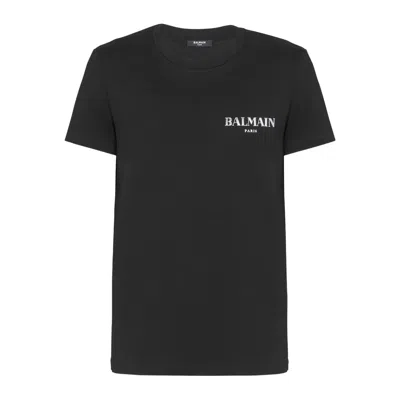 Balmain Black Crewneck T-shirt With Logo Print In Cotton Man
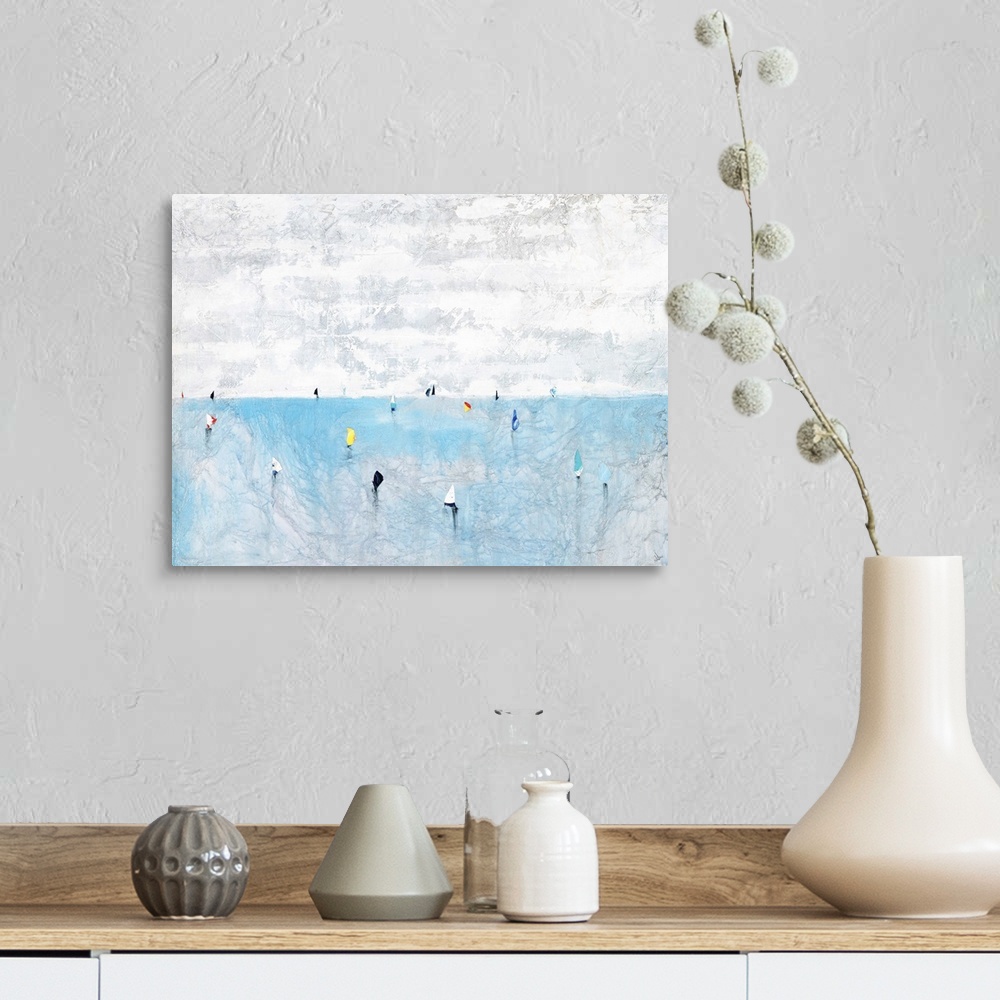 A farmhouse room featuring Contemporary abstract painting using pale colors to make a sea filled sailboats.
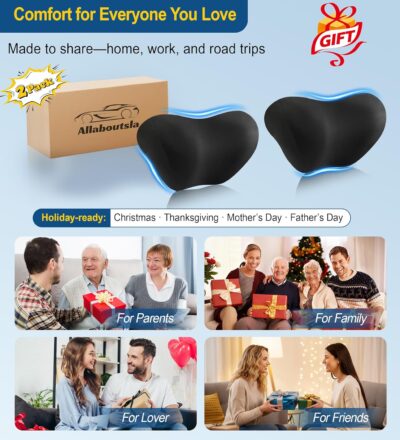 2-Pack Car Neck Pillow: Ergonomic Memory Foam Car Headrest Pillow, Neck Support Pillow for Long Drives, Headrest Support Cushion for Pain Relief, Universal Fit for Cars, SUVs & Trucks – Black - Image 8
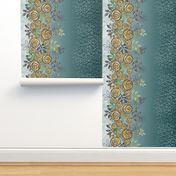 Large Floral Rose Border in Teal Blue, Yellow, Gray 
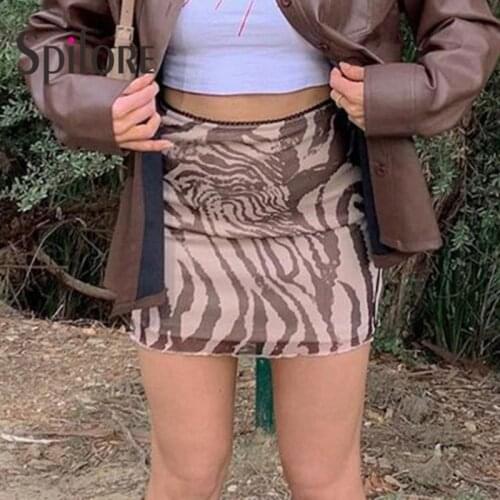 Spifore Zebra Print Vintage Mini Skirts Brown Mesh Tie Dye Femme Sexy Bodycon High Waist Y2K Woman Skirts 90s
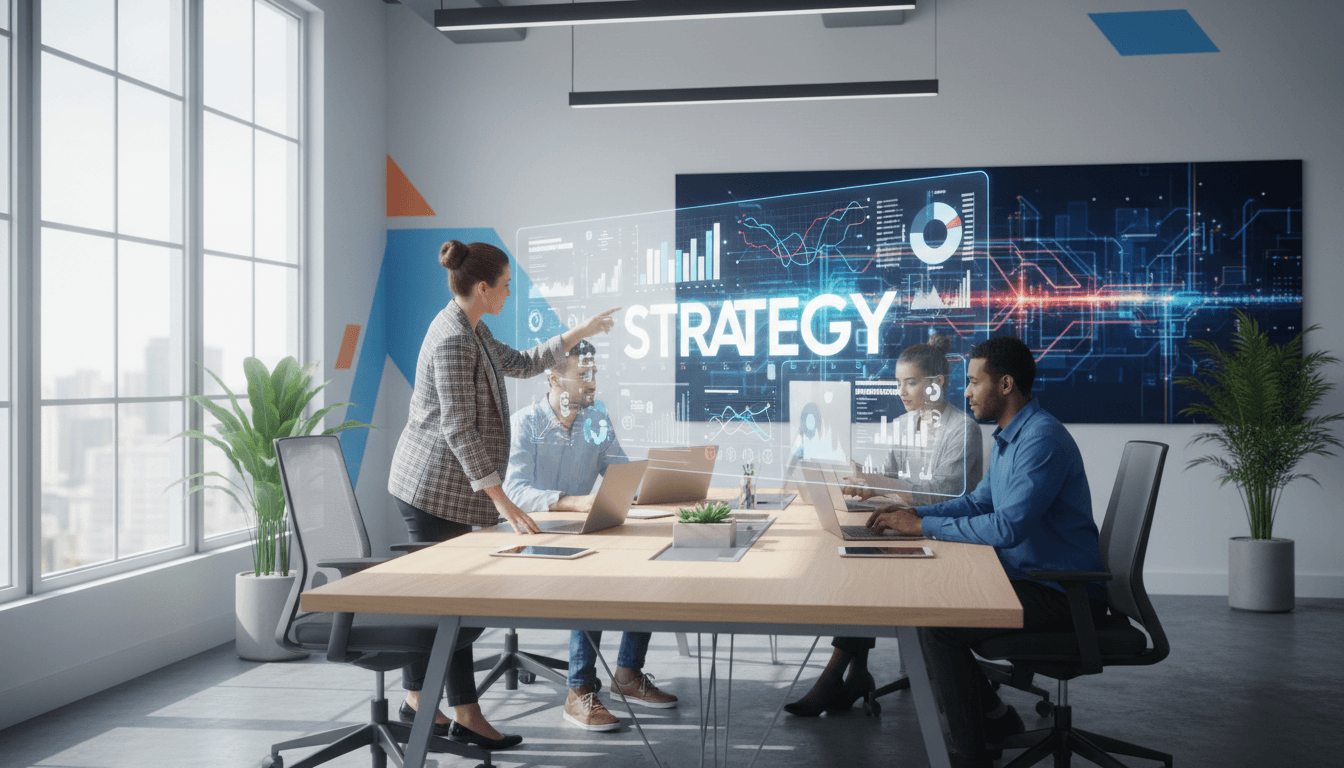 Professional digital marketing team working at modern office desk with laptops and analytics dashboards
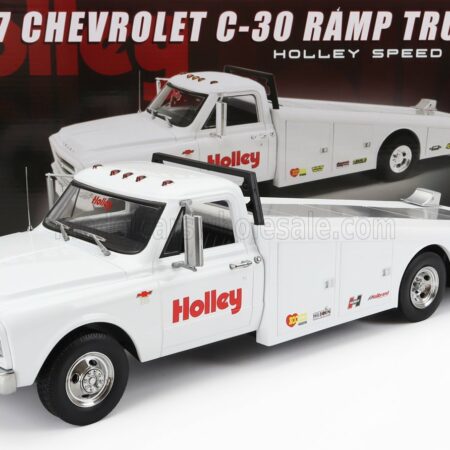 ACME-MODELS 1/18 CHEVROLET | C-30 TRUCK RAMP CAR TRANSPORTER HOLLEY SPEED SHOP 1967 | WHITE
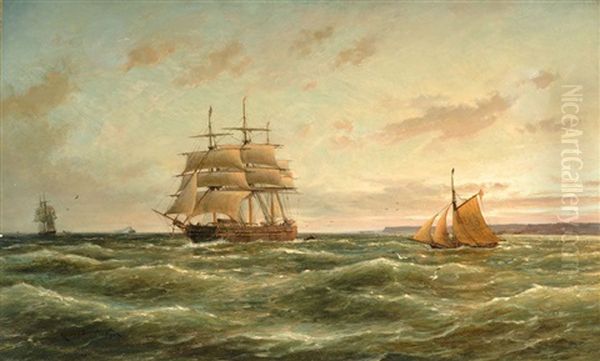 A Three-master And Other Sailing Boats On Sea Oil Painting by Cornelis Christiaan Dommelshuizen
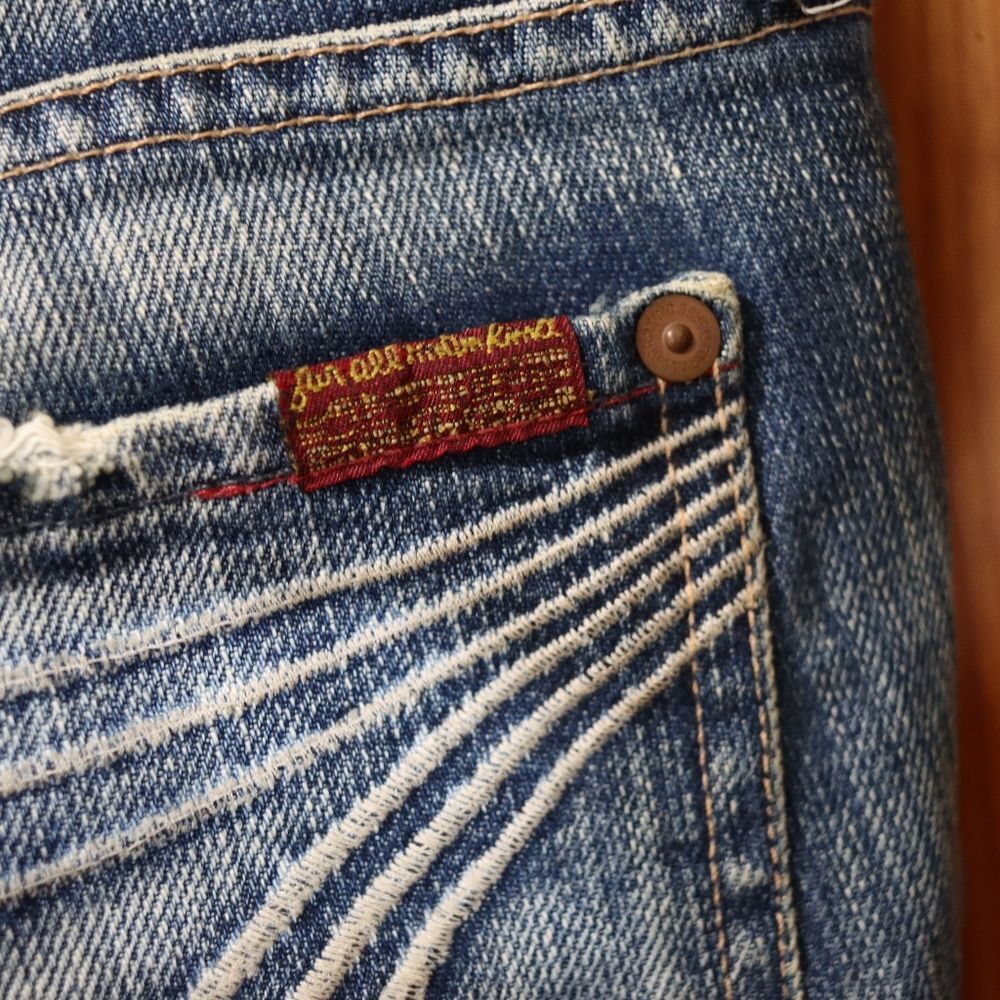 7 For All Mankind Blue Ankle Cropped Wide Leg Y2k Jeans 28 - Picture 5 of 13
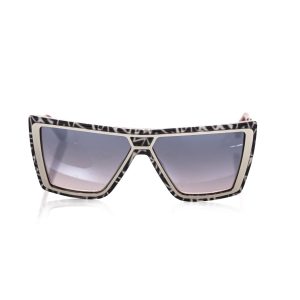 Frankie Morello Chic Zebra Pattern Square Damen Sonnenbrille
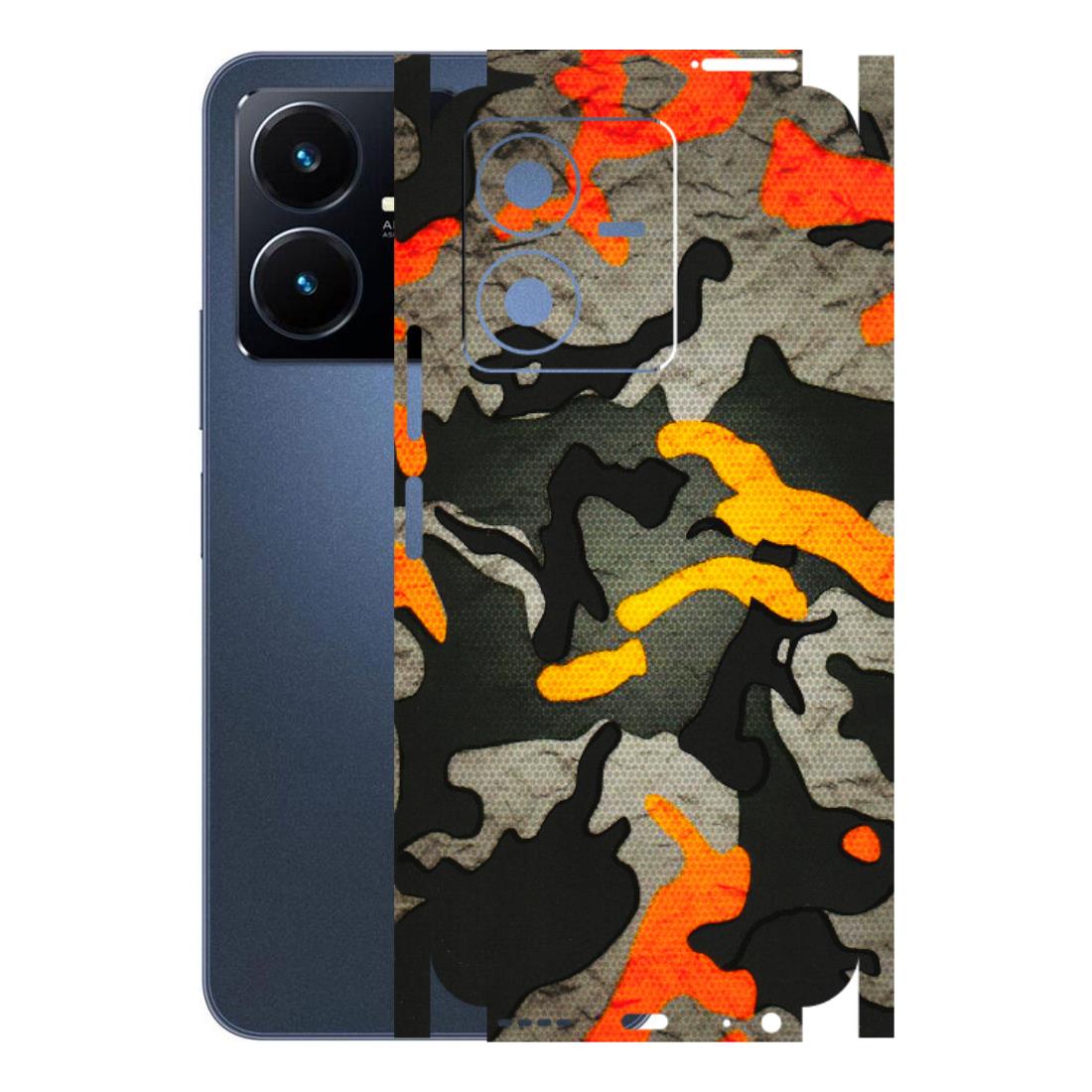 VIVO Y Series Phone Skins (All Models) - Orange Camouflage - 3D Embossed Finish (L-204) Vivo Y22 2022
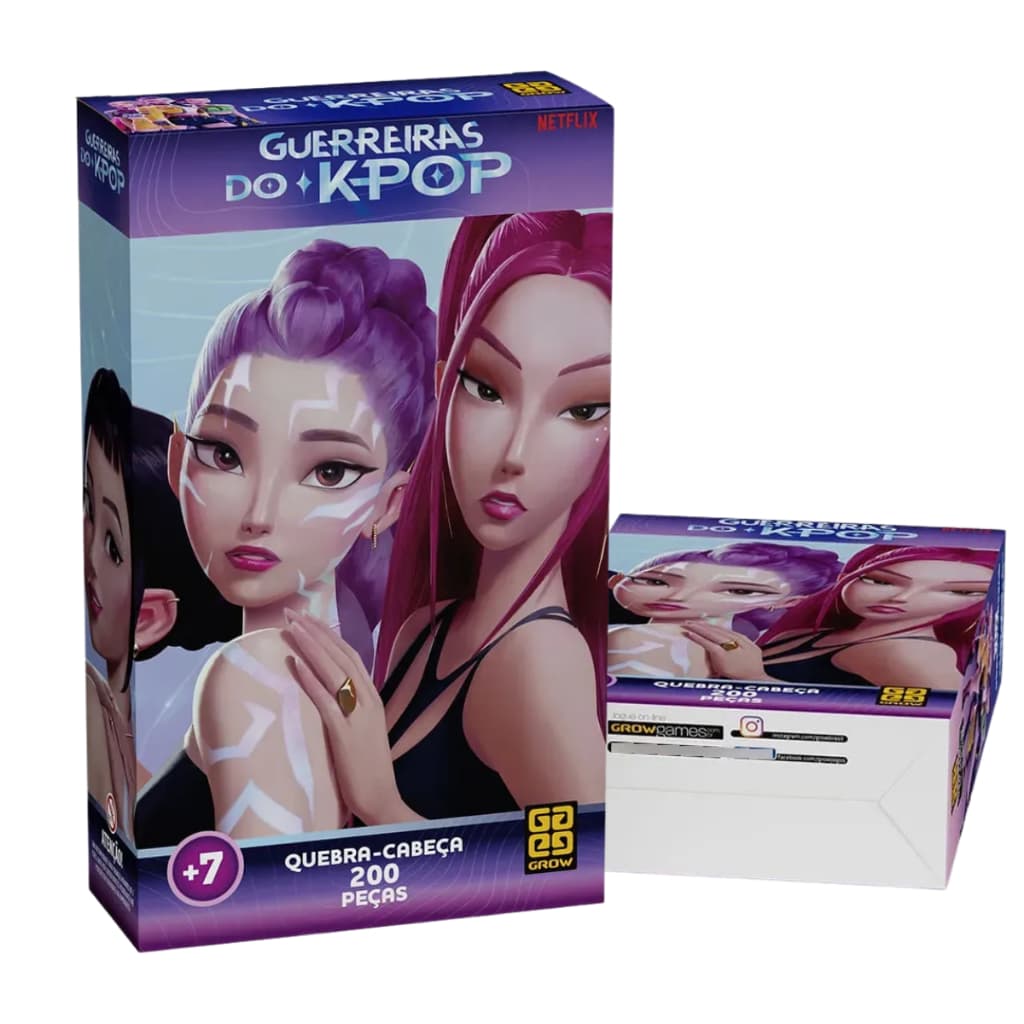 Quebra Cabeça Infantil Guerreiras do K-pop 200 Peças Grow Jogo Educativo Divertido Montar Crianças Qualidade Premium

════════

### TASK GOAL
Once the line with "Large Floral Rose" is found above, transcribe each line from it through the line with "Frankie Morello Chic", exactly, and omit the pictures.

### YOUR RESPONSE
 Large Floral Rose Border in Teal Blue, Yellow, Gray 
 Spifore Zebra Print Vintage Mini Skirts Brown Mesh Tie Dye Femme Sexy Bodycon High Waist Y2K Woman Skirts 90s
 Professional digital marketing team working at modern office desk with laptops and analytics dashboards
 ACME-MODELS 1/18 CHEVROLET | C-30 TRUCK RAMP CAR TRANSPORTER HOLLEY SPEED SHOP 1967 | WHITE
 A Three-master And Other Sailing Boats On Sea Oil Painting by Cornelis Christiaan Dommelshuizen
 7 For All Mankind Blue Ankle Cropped Wide Leg Y2k Jeans 28 - Picture 5 of 13
 Frankie Morello Chic Zebra Pattern Square Damen Sonnenbrille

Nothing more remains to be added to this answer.